La dictée est un exercice traditionnel dans tous les établissements scolaires français. Fendant longtemps on l'a considérée comme un critérium de la connaissance élémentaire de la langue, ce qui explique et justifie dans une certaine mesure l'habitude prise de l'imposer comme épreuve d'admission à l'entrée d'un grand nombre de carrières. Toutefois la longue faveur dont elle a joui semble moins grande aujourd'hui que par le passé. Cela tient à plusieurs causes que nous allons essayer d'analyser.

Qu'était-ce autrefois que la dictée? Exclusivement un exercice d'orthographe. Le maître lisait posément les différentes phrases d'un texte que les élèves devaient reproduire correctement par écrit. En général le texte était lu, dicté, puis relu, et l'on passait à la correction des fautes.

Où étaient puisés les textes des dictées? Souvent ils consistaient en un passage remarquable d'un bon auteur, mais bien souvent aussi ils étaient fabriqués de toutes pièces et composés de manière à présenter, en un petit nombre de phrases, la plus grande quantité possible de règles d'orthographe ou de syntaxe. Il en résultait que les passages les plus clairs et les plus simplement écrits de nos bons écrivains se trouvaient sinon écartés systématiquement, du moins relégués au second plan. On leur préférait les passages renfermant des mots d'orthographe difficile, des phrases alambiquées dans lesquelles l'accord des mots prêtait à confusion. Certaines commissions d'examen étaient réputées pour la difficulté des dictées qu'elles proposaient comme épreuves au brevet de l'enseignement primaire : on en vint alors à composer, en vue de la préparation aux examens, des recueils de dictées dont la tenue littéraire laissait souvent à désirer, mais où l'on rencontrait, classées avec plus ou moins de méthode, toutes les applications, même les plus saugrenues, de la syntaxe française ; où l'on plaçait, au bonheur de la rencontre, les bizarreries les plus déroutantes de l'orthographe usuelle. Certaines de ces dictées étaient données couramment dans les concours publics : on citait comme particulièrement redoutables les dictées des examens de l'Hôtel-de-Ville, de l'Ecole forestière. On alla jusqu'à proposer dans les concours cantonaux, à des élèves de onze ans, de véritables rébus orthographiques, dont on pourra se faire une idée par le passage suivant, qui est le commencement d'une dictée donnée à un concours cantonal en 1867 :

« Là violence et la vérité. — Vous ne vous êtes pas plus tôt aperçus du discrédit où sont tombés vos doctrines et vos adhérents que vous vous êtes laissé tous emporter aux plus virulentes invectives ; mais quoique vous m'injuriiez à l'envi dans vos libelles extravagants ; quoique vous essayiez de me confondre en m'appelant bouffon, faussaire, hérétique, athée, je ne m'enrayerai point de vos menaces et n'y répondrai que dans un mémoire où j'espère montrer de quelle source sont dérivées toutes les calomnies que vous vous êtes complu à vomir contre moi. »

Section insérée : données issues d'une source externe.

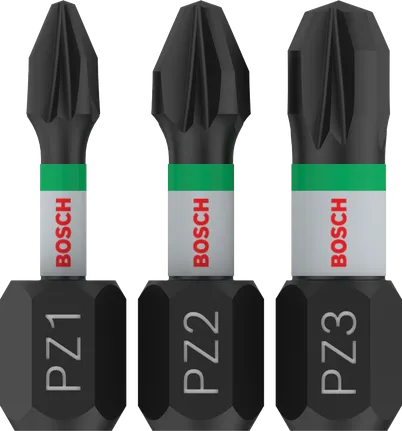 „Bosch PRO PZ“ smūginių antgalių rinkinys, PZ1, PZ2, PZ3, 25 mm.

Quel profit retirait-on de cet exercice? La dictée faite, on corrigeait les fautes ; les élèves étaient invités à remarquer que démailloter n'avait qu'un t, tandis qu'emmaillotter en avait deux ; que l'e ouvert de « complètement » était marqué (alors) d'un accent aigu ; que le participe précédé de le peu s'accordait ou ne s'accordait pas suivant que la quantité était suffisante ou insuffisante ; qu'on devait écrire de la compote de poires au pluriel, mais de la gelée de groseille au singulier, sauf lorsqu'il s'agissait de la confiture de groseilles de Bar où les fruits étaient entiers. On expliquait de nouveau les règles de syntaxe violées, et l'on se préparait à recommencer le lendemain un exercice aussi peu éducatif. Comme devoir, on donnait en général la dictée à recopier correctement.

Telle était la dictée que beaucoup d'hommes de notre époque ont connue et pratiquée en tant qu'élèves. Il va sans dire que les critiques n'étaient guère ménagées à un exercice aussi formel et aussi peu profitable pour l'esprit ; mais on continuait à le pratiquer ainsi, par vitesse acquise. Cependant, la renaissance pédagogique qui se manifesta dans notre enseignement primaire, à dater du passage de Jules Ferry au ministère de l'instruction publique, devait apporter dans la pratique de la dictée des améliorations qui se manifestent aujourd'hui par un changement radical dans la manière d'envisager et de pratiquer cet exercice. Et bien qu'il reste encore beaucoup de progrès à accomplir sur ce point, nous allons essayer d'indiquer les tendances qui se manifestent actuellement pour faire de la dictée, en même temps qu'un moyen de contrôle des connaissances orthographiques, une discipline profitable à l'intelligence et un facteur d'éducation générale.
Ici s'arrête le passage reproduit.